Ao alinhar a detenção com metas de reintegração e laços comunitários, o modelo desafia a suposição de que o confinamento deve significar desconexão. Em vez disso, ele estabelece um curso para um sistema de justiça que funciona em um ritmo mais próximo ao da sociedade – prático, humano e voltado para o futuro. 
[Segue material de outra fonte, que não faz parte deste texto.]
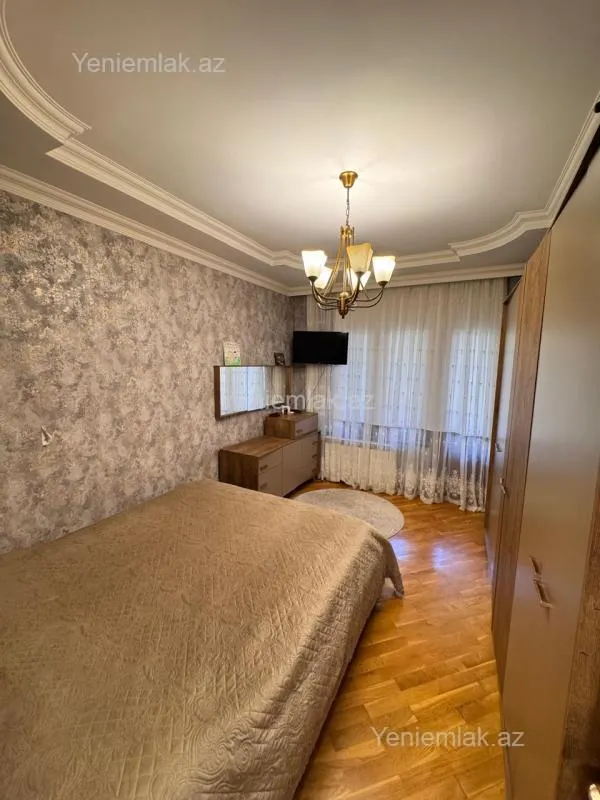 Satılır 4 otaqlı köhnə tikili 85 m²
Petra Colpaert é diretora da Casa de Detenção de Kortrijk, a primeira casa de detenção da Bélgica. Ela se formou em Criminologia pela Universidade de Ghent e trabalhou por 25 anos em uma das menores unidades penitenciárias de baixa segurança da Bélgica. Iniciou sua carreira como assistente social na Penitenciária de Ruiselede em 1997, concentrando-se na reabilitação de pessoas com problemas de dependência. Desde 2010, ela atua como gestora em unidades de detenção para pessoas com condenações de longo prazo. Para ajudar a reduzir a reincidência, ela criou o programa de apoio à dependência B.leave, o programa de capacitação ‘Workout’, o programa de voluntariado ‘Recovery’ e uma casa de reentrada para pessoas sem rede de apoio social.

Laurence Nibelle é diretora do Departamento de Administração das Unidades de Detenção e líder do Projeto das Casas de Detenção no Serviço Belga de Detenção. Formou-se em Criminologia pela UCL. Laurence iniciou sua carreira como assistente social nas unidades de Saint-Gilles e Ittre, em 2000. Posteriormente, integrou a equipe de gestão do Centro Nacional de Monitoramento Eletrônico. Em 2007, tornou-se inspetora de assistência social no Serviço Psicossocial Central. Desde fevereiro de 2021, lidera o Departamento de Administração das Unidades de Detenção e coordena o projeto das casas de detenção. Seu foco está em alinhar os regimes de detenção às necessidades de segurança e em aprimorar a reintegração das pessoas em cumprimento de medidas.